C’est ici que la métrique “BTC par action” s’effondre. Elle divise le total des avoirs Bitcoin par le nombre d’actions ordinaires en circulation, créant une fausse impression que chaque action représente une créance non diluée sur l’actif. En réalité, la valeur d’entreprise s’écoule selon une cascade. D’abord aux détenteurs de dette, qui totalisent encore plusieurs milliards de dollars, ensuite aux actionnaires privilégiés, et ce qui reste n’appartient qu’aux capitaux propres ordinaires. Même si Strategy ne fait jamais défaut et qu’il n’y a aucun signe qu’elle s’en approche, la réalité économique des créances senior dilue en permanence l’exposition effective au Bitcoin des actions ordinaires.
Pensez-y de cette façon. Chaque dollar de BTC utilisé pour garantir et soutenir les dividendes privilégiés est un dollar qui ne peut pas amplifier les rendements pour les détenteurs d’actions ordinaires. Le rendement versé aux actionnaires privilégiés n’est pas gratuit. Il est prélevé sur le même pool de valeur dont les actionnaires ordinaires espèrent bénéficier. Ce n’est pas un bug. C’est une caractéristique du fonctionnement de la structure de capital. Les capitaux propres sont toujours le créancier résiduel, et leur juste valeur est toujours la valeur d’entreprise moins toutes les obligations senior.

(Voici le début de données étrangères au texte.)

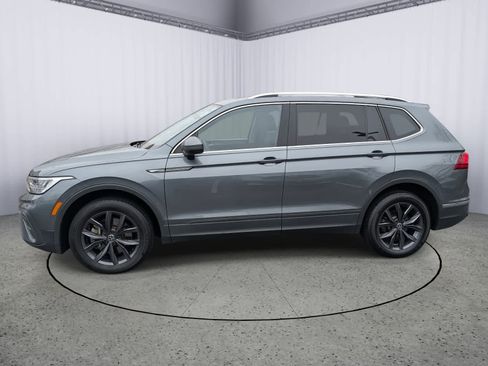 Used 2023 Volkswagen Tiguan SE image 5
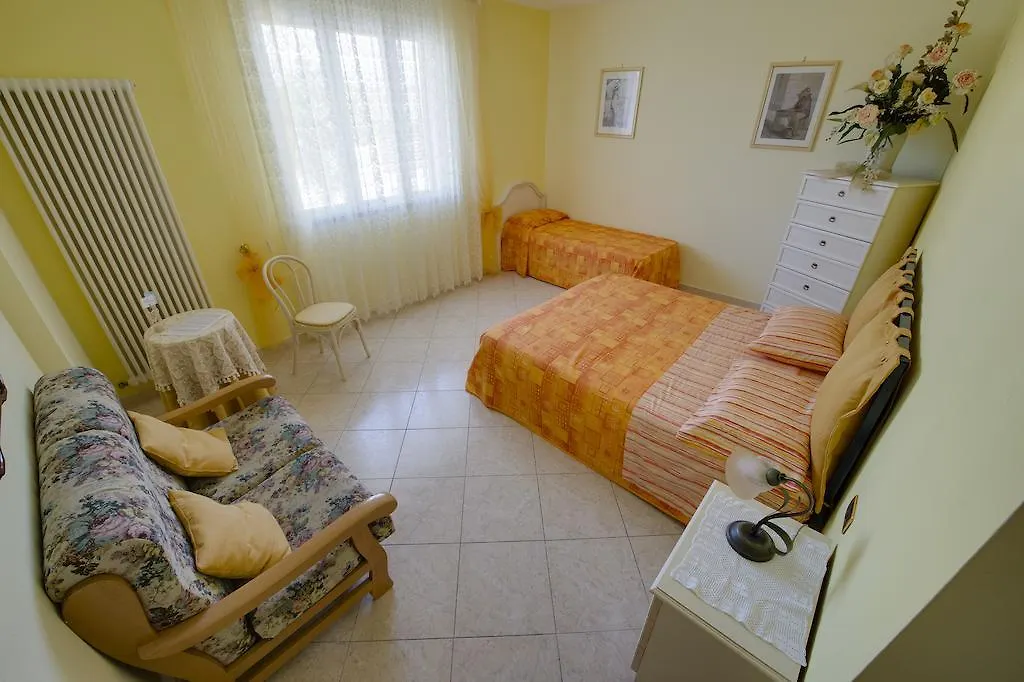 B&B Vittoria Torre del Lago Puccini Bed & Breakfast
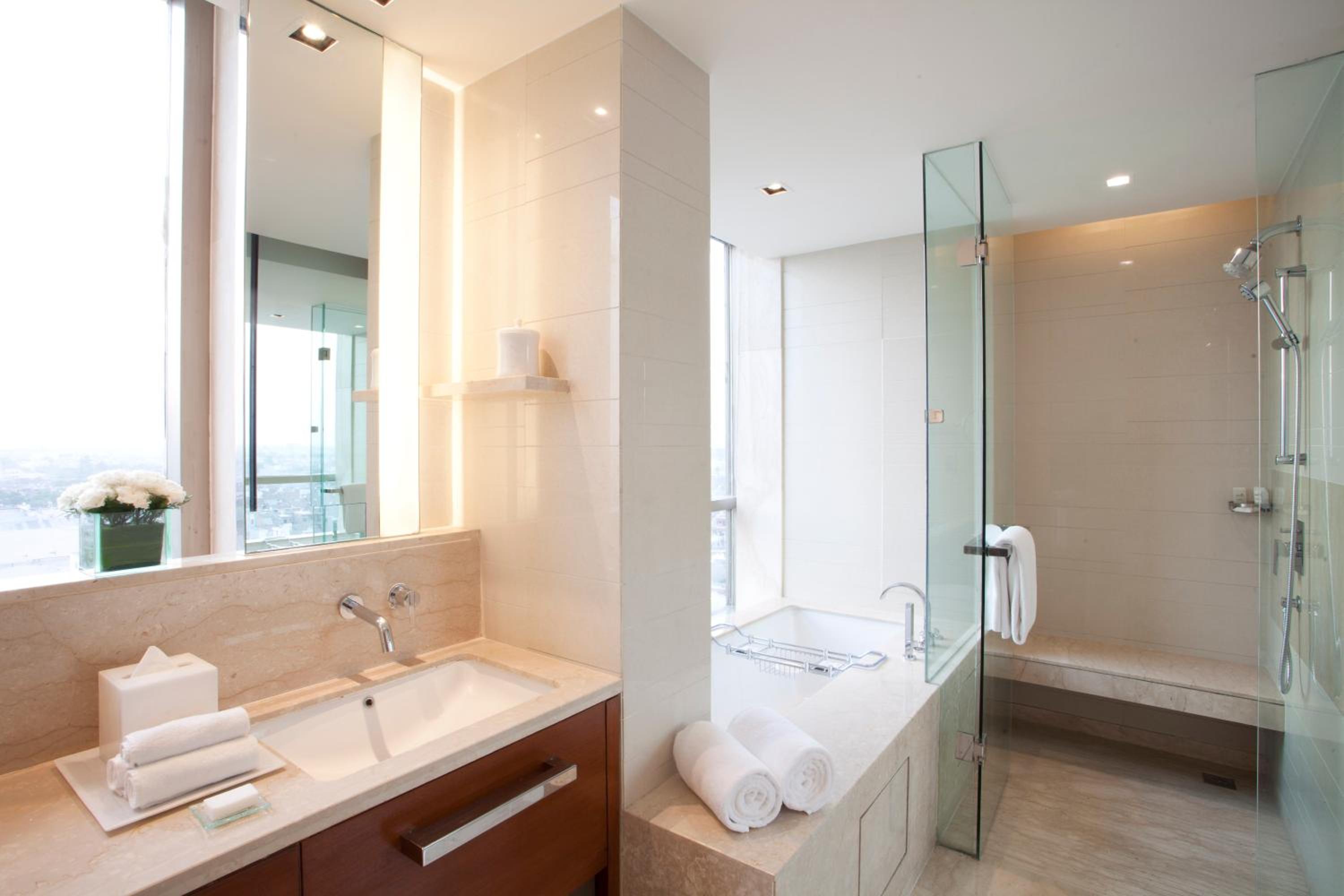 Regency King Suite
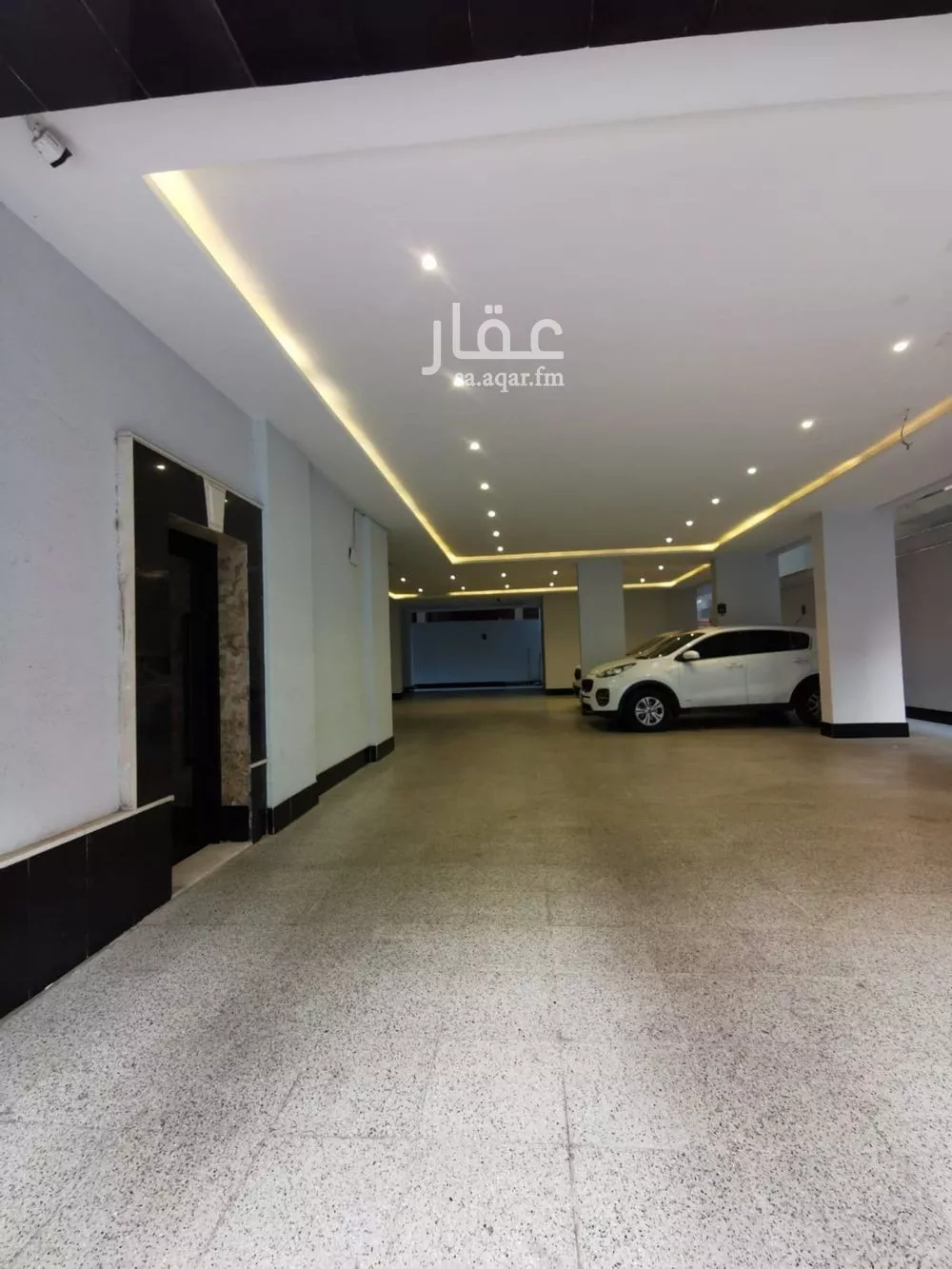 3 bedroom apartment in Al Rawdah 7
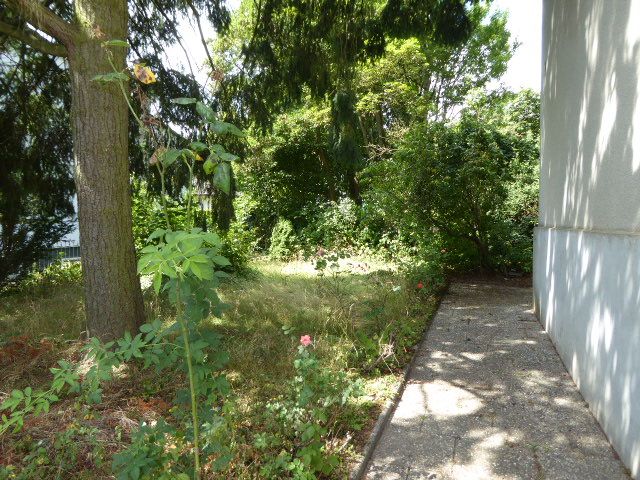 Bad Homburg-Ober Erlenbach image 2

Cela a des implications directes sur la manière dont nous devrions évaluer l’action ordinaire de MSTR. Le “mNAV”, ou valeur nette d’actif modifiée, souvent cité est généralement calculé simplement comme la capitalisation boursière divisée par la valeur des avoirs Bitcoin. Mais cette version est trompeuse. Un mNAV plus précis soustrairait la juste valeur marchande de toutes les dettes et des capitaux propres privilégiés du trésor Bitcoin avant de le comparer à la capitalisation boursière des actions ordinaires. Et lorsque vous effectuez ce calcul, le résultat est clair. Le soutien effectif en BTC par action ordinaire est inférieur au chiffre affiché.
En fait, compte tenu de l’ampleur des émissions privilégiées en 2025, avec plus de 20 milliards de dollars levés sur les marchés de capitaux à ce jour, principalement via des actions ordinaires et privilégiées, il est tout à fait rationnel que le mNAV de MSTR se négocie en dessous de 1,0 sur une base structurelle. Cela ne signifie pas que l’entreprise échoue. Cela signifie simplement que le marché intègre enfin la réalité que les actionnaires ordinaires ne possèdent pas l’ensemble du portefeuille. Ils ne possèdent que ce qui reste après que les couches senior ont été satisfaites.
En fin de compte, voici la conclusion. Strategy a construit un véhicule financier fascinant, mais ce n’est pas un proxy pur du Bitcoin pour les actionnaires ordinaires. La pile privilégiée adossée au BTC n’est pas une simple note de bas de page. C’est une partie centrale de la structure de capital qui réduit matériellement la créance économique des détenteurs de MSTR. Jusqu’à ce que les investisseurs intègrent pleinement cela, l’action ordinaire restera cotée avec une décote cachée. Reconnaître cela n’est pas du pessimisme. C’est simplement de la clarté. Et sur un marché où les récits l’emportent souvent sur la structure, la clarté est l’actif le plus rare de tous.